** AIM OF THE TASK **
The full listing, copied exactly and free of pictures, is the expected reply.

** EXERCISE MATERIALS **
[Start of Attachment]

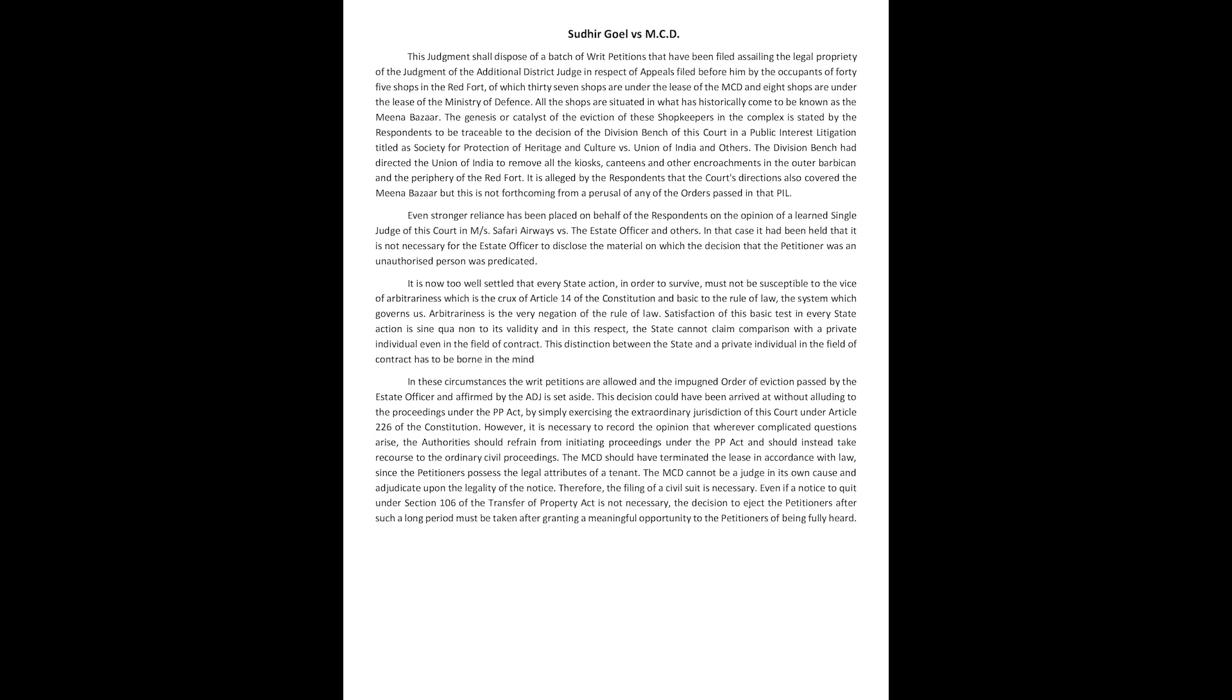Of which thirty-seven shops are under the lease of the MCD and eight shops are under the lease of the Ministry of Defence. All the shops are situated in what has historically come to be known as the Meena Bazaar. The genesis or catalyst of the eviction of these shopkeepers in the complex is stated by the respondents to be traceable to the decision of the division bench of this court in a public interest litigation titled Society for Protection of Heritage and Culture versus Union of India and others.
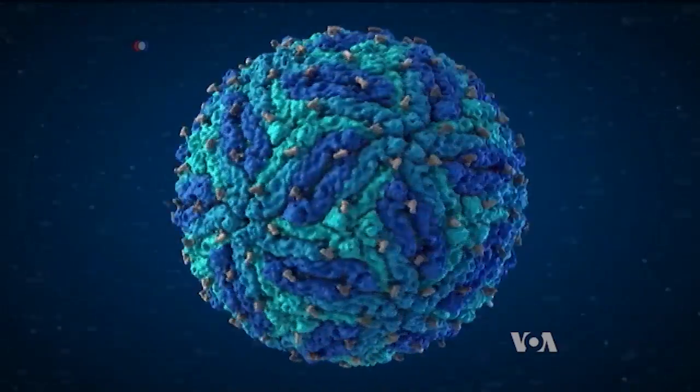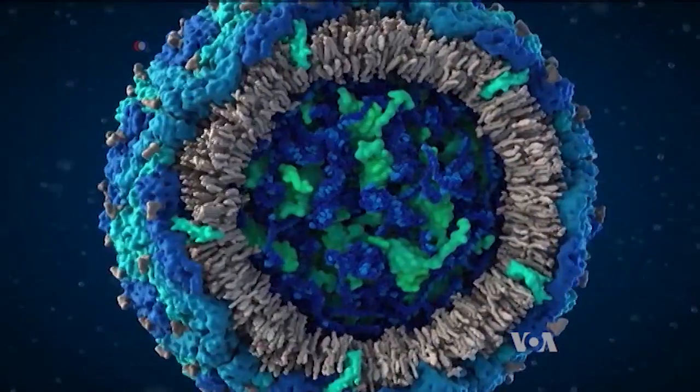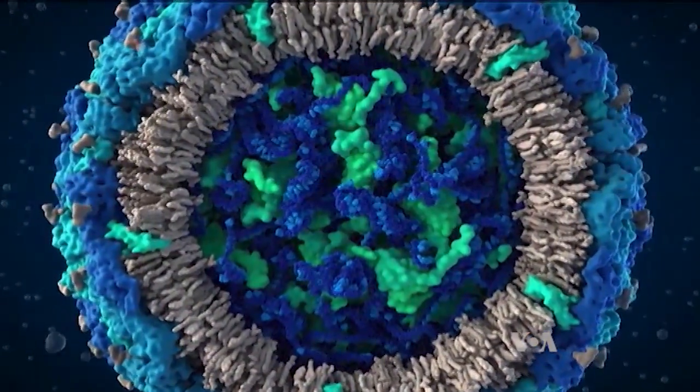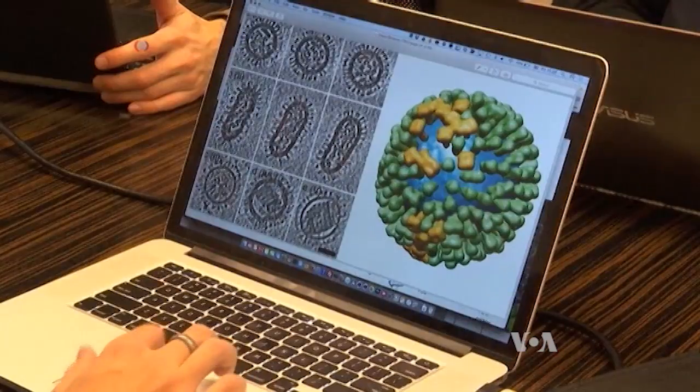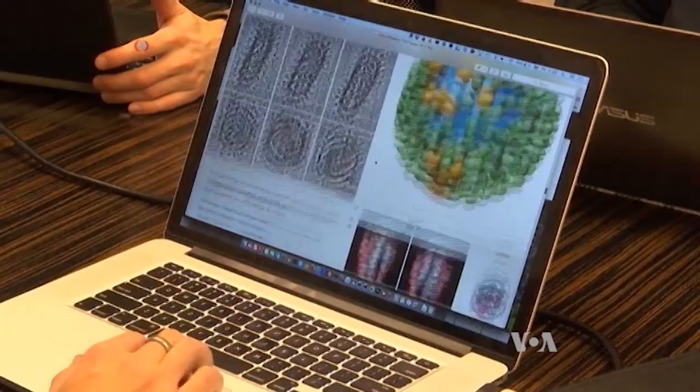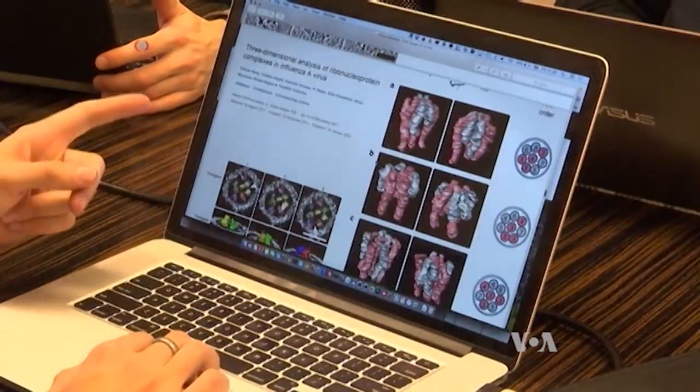This is what the Zika virus looks like, as seen in this 3D model by Visual Science. CEO Ivan Konstantinov says we know more about what our neighboring planets look like than the microscopic worlds inside our bodies. And in this case, we see our project as a very powerful tool to turn the attention to this problem, to show people what the microworld looks like in reality, how viruses are built in reality, and we try to make it interesting.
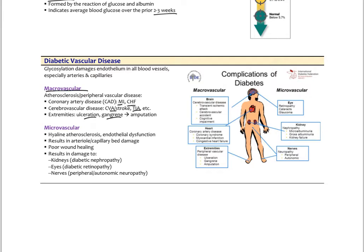If you ever get a chance to preceptor in vascular clinics, a lot of what they do is amputations and wound care for patients with advanced diabetes. Microvascular complications include hyaline arteriolosclerosis — fibrosis of small arterioles that become stiff, don't vasodilate adequately, and drive up blood pressure. The microvascular changes also damage endothelium in arterial and capillary beds, causing poor wound healing and damage specifically to the kidneys causing diabetic nephropathy, the eyes causing diabetic retinopathy, and the nerves causing peripheral neuropathy.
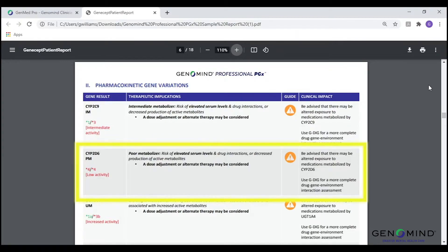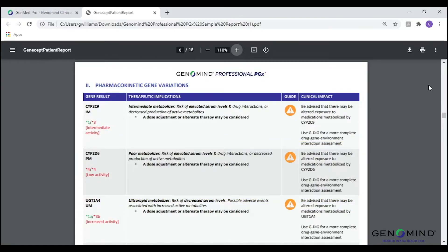Let's discuss CYP2D6 as an example of this portion of our report. We can see that based on the patient's genotype, this patient would be considered a poor metabolizer. Poor metabolizer status leads to a risk of elevated serum levels or decreased production of active metabolites for medications that are metabolized by this enzyme. For more information on how to assess the impact of pharmacokinetic variants on medications, please see our video on GenMedPro, our smarter precision gene-drug interaction software.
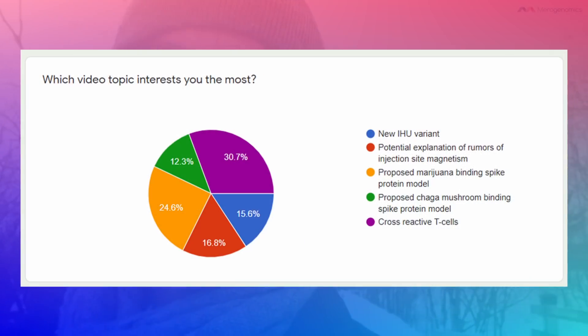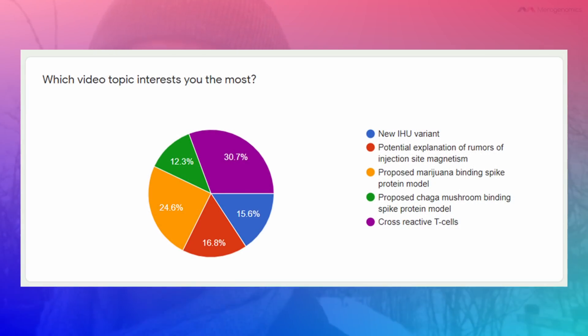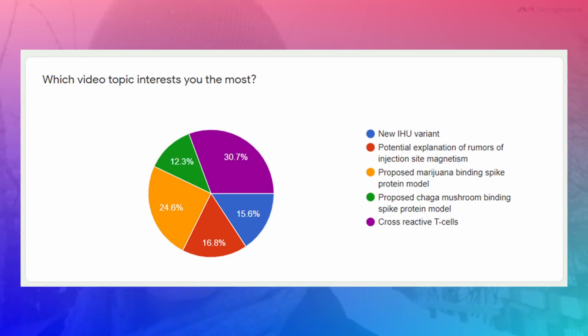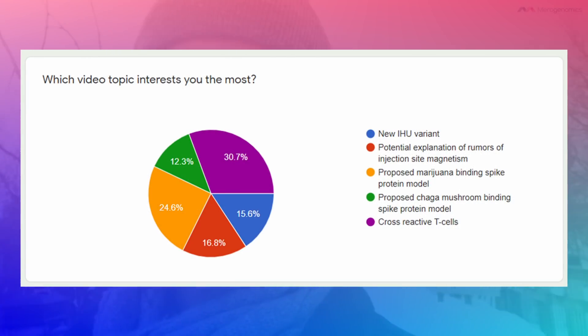Dr. Mikhail Rashek of Myrogenomics here making another video update today, particularly about cross-reactive T cells, which is a topic you have selected in our recent survey. Thank you to everyone who voted for that particular topic.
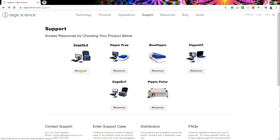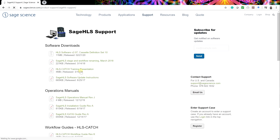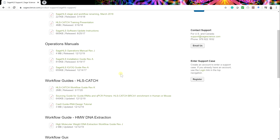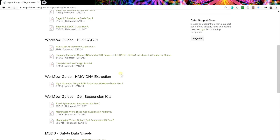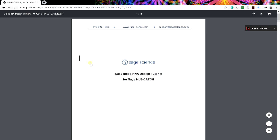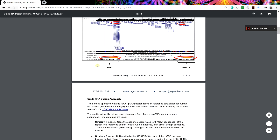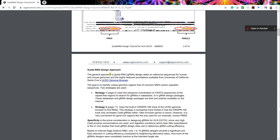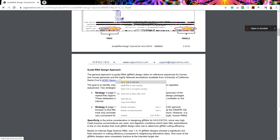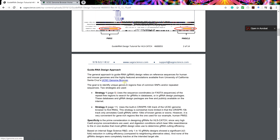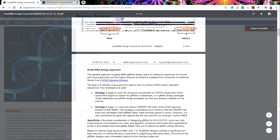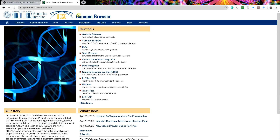A PDF version of this tutorial is available on Sage Sciences' SAGE HLS support page. A link to the UCSC genome browser and guidescan.com are in the document and can also be found in the summary section of this video below. To begin, launch the genome browser homepage.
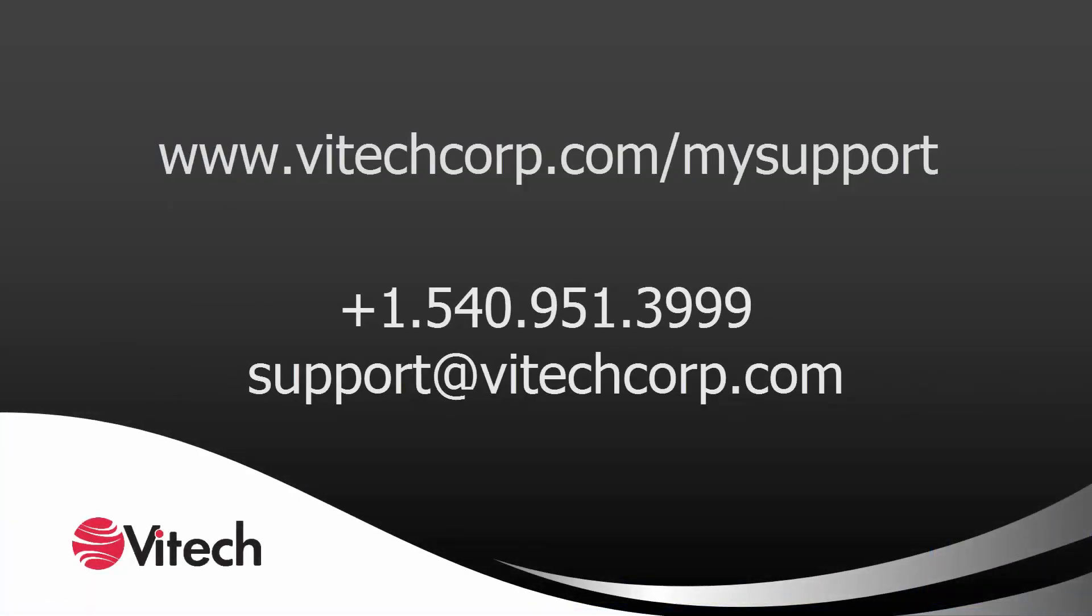For more information and resources on Genesis, please visit our website or contact our support team.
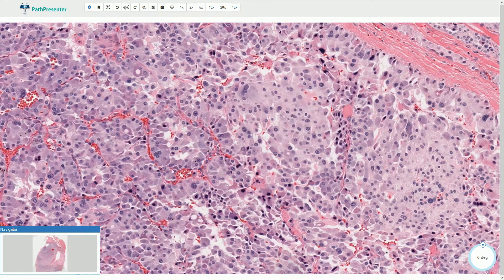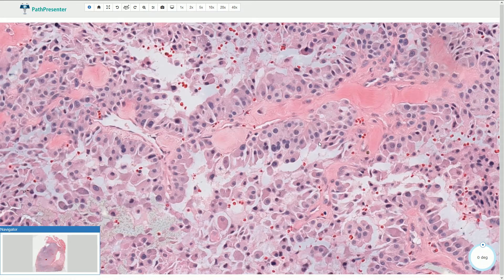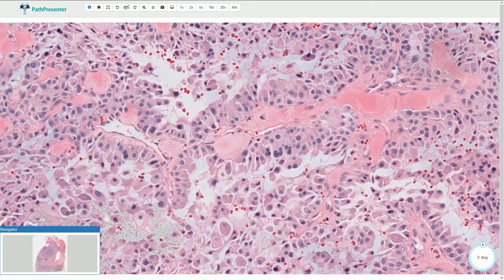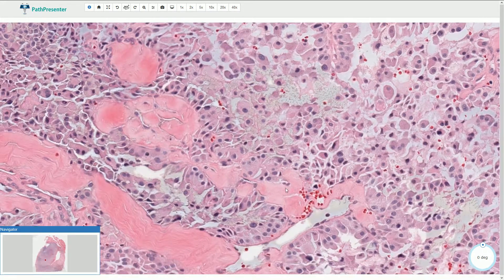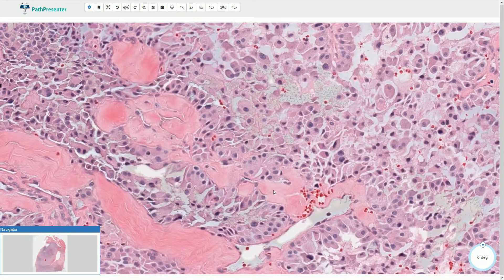Sometimes we can see an insular pattern where these cells are organized in small solid nests encircled by thin fibrovascular septa. Here we have something that slightly resembles papillary type of growth. Sometimes the cells can be discohesive. We can also see a variable amount of fibrosis and, again, amyloid deposition.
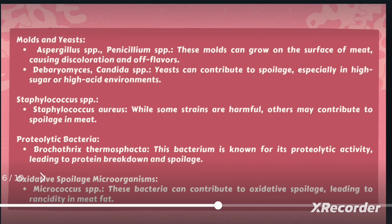Staphylococcus aureus can become harmful when you consume improperly handled meat products. Proteolytic bacteria, for example Brochothrix species, can cause proteolytic activity leading to protein breakdown, which results in spoilage of the meat product. Likewise, microorganisms can contribute to oxidative spoilage, leading to acidity in the meat fat.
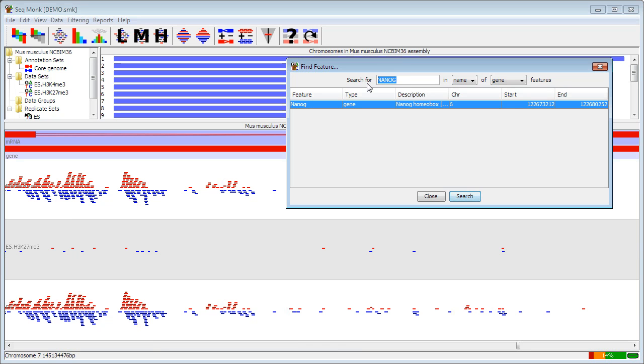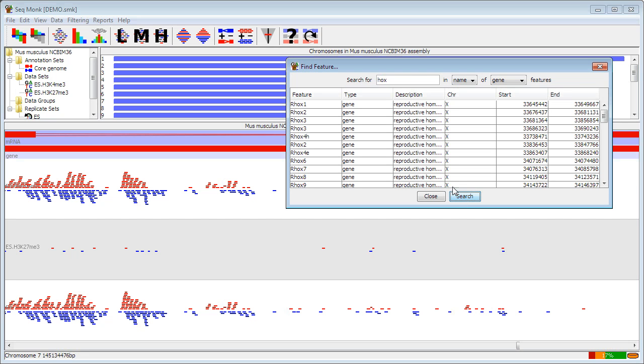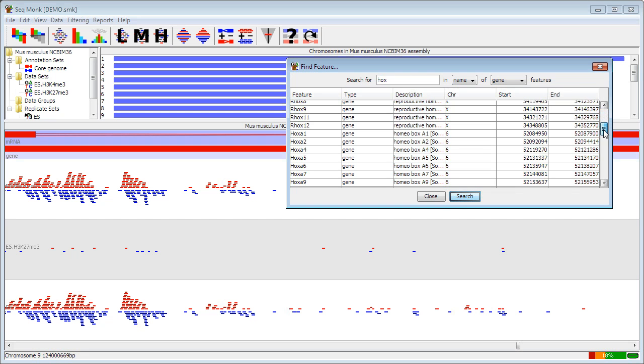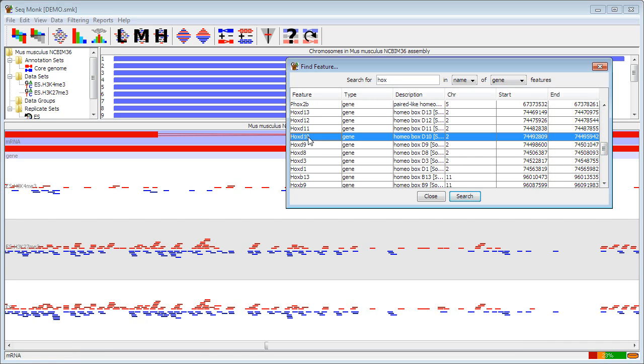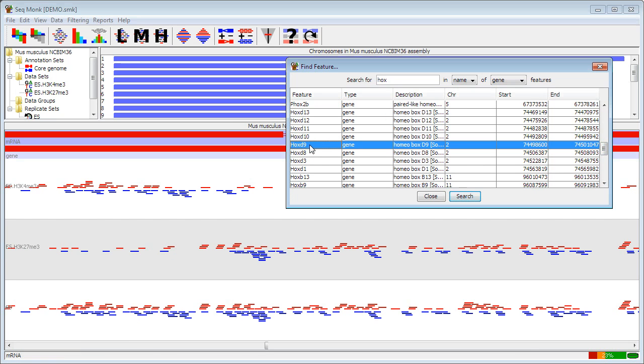If you put in partial gene names that's also fine. So if I search for hox for instance, I should get a big list of gene names which contain hox. And by double clicking on these I can review the different matches that I've got.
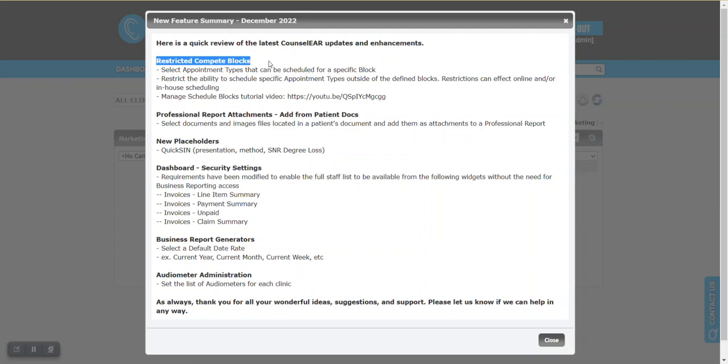There's quite a bit of flexibility with this tool to really define how you want your schedule to work, both in-house as well as how it will appear to patients online. We did create a Manage Schedule Blocks tutorial, which is available. So I encourage you to check that out to learn more.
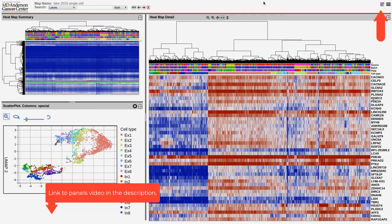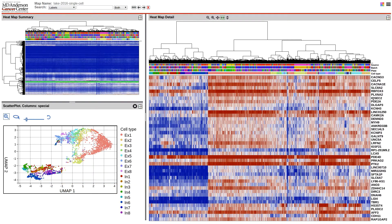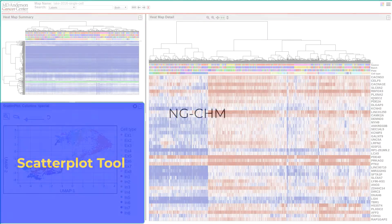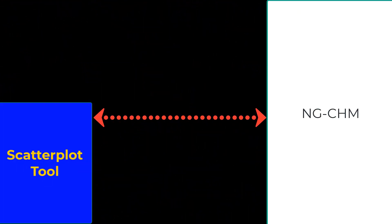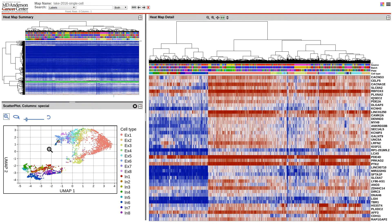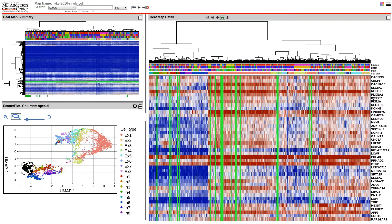This example shows a heat map of single-cell gene expression data with an additional panel showing a U-map plot of the cells. Although the user sees the U-map within the NGCHM, it is actually a separate, pluggable tool that is exchanging messages with the NGCHM on an ongoing basis. For example, when the user selects cells in the U-map plot, they are sent to the NGCHM and highlighted there as well. From the user's perspective it is a single, integrated experience.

[End of Attachment]

** SOLUTION FOR THIS TASK **
Of which thirty-seven shops are under the lease of the MCD and eight shops are under the lease of the Ministry of Defence. All the shops are situated in what has historically come to be known as the Meena Bazaar. The genesis or catalyst of the eviction of these shopkeepers in the complex is stated by the respondents to be traceable to the decision of the division bench of this court in a public interest litigation titled Society for Protection of Heritage and Culture versus Union of India and others.
This is what the Zika virus looks like, as seen in this 3D model by Visual Science. CEO Ivan Konstantinov says we know more about what our neighboring planets look like than the microscopic worlds inside our bodies. And in this case, we see our project as a very powerful tool to turn the attention to this problem, to show people what the microworld looks like in reality, how viruses are built in reality, and we try to make it interesting.
If you ever get a chance to preceptor in vascular clinics, a lot of what they do is amputations and wound care for patients with advanced diabetes. Microvascular complications include hyaline arteriolosclerosis — fibrosis of small arterioles that become stiff, don't vasodilate adequately, and drive up blood pressure. The microvascular changes also damage endothelium in arterial and capillary beds, causing poor wound healing and damage specifically to the kidneys causing diabetic nephropathy, the eyes causing diabetic retinopathy, and the nerves causing peripheral neuropathy.
Let's discuss CYP2D6 as an example of this portion of our report. We can see that based on the patient's genotype, this patient would be considered a poor metabolizer. Poor metabolizer status leads to a risk of elevated serum levels or decreased production of active metabolites for medications that are metabolized by this enzyme. For more information on how to assess the impact of pharmacokinetic variants on medications, please see our video on GenMedPro, our smarter precision gene-drug interaction software.
Dr. Mikhail Rashek of Myrogenomics here making another video update today, particularly about cross-reactive T cells, which is a topic you have selected in our recent survey. Thank you to everyone who voted for that particular topic.
A PDF version of this tutorial is available on Sage Sciences' SAGE HLS support page. A link to the UCSC genome browser and guidescan.com are in the document and can also be found in the summary section of this video below. To begin, launch the genome browser homepage.
For more information and resources on Genesis, please visit our website or contact our support team.
Sometimes we can see an insular pattern where these cells are organized in small solid nests encircled by thin fibrovascular septa. Here we have something that slightly resembles papillary type of growth. Sometimes the cells can be discohesive. We can also see a variable amount of fibrosis and, again, amyloid deposition.
Staphylococcus aureus can become harmful when you consume improperly handled meat products. Proteolytic bacteria, for example Brochothrix species, can cause proteolytic activity leading to protein breakdown, which results in spoilage of the meat product. Likewise, microorganisms can contribute to oxidative spoilage, leading to acidity in the meat fat.
If you put in partial gene names that's also fine. So if I search for hox for instance, I should get a big list of gene names which contain hox. And by double clicking on these I can review the different matches that I've got.
There's quite a bit of flexibility with this tool to really define how you want your schedule to work, both in-house as well as how it will appear to patients online. We did create a Manage Schedule Blocks tutorial, which is available. So I encourage you to check that out to learn more.
This example shows a heat map of single-cell gene expression data with an additional panel showing a U-map plot of the cells. Although the user sees the U-map within the NGCHM, it is actually a separate, pluggable tool that is exchanging messages with the NGCHM on an ongoing basis. For example, when the user selects cells in the U-map plot, they are sent to the NGCHM and highlighted there as well. From the user's perspective it is a single, integrated experience.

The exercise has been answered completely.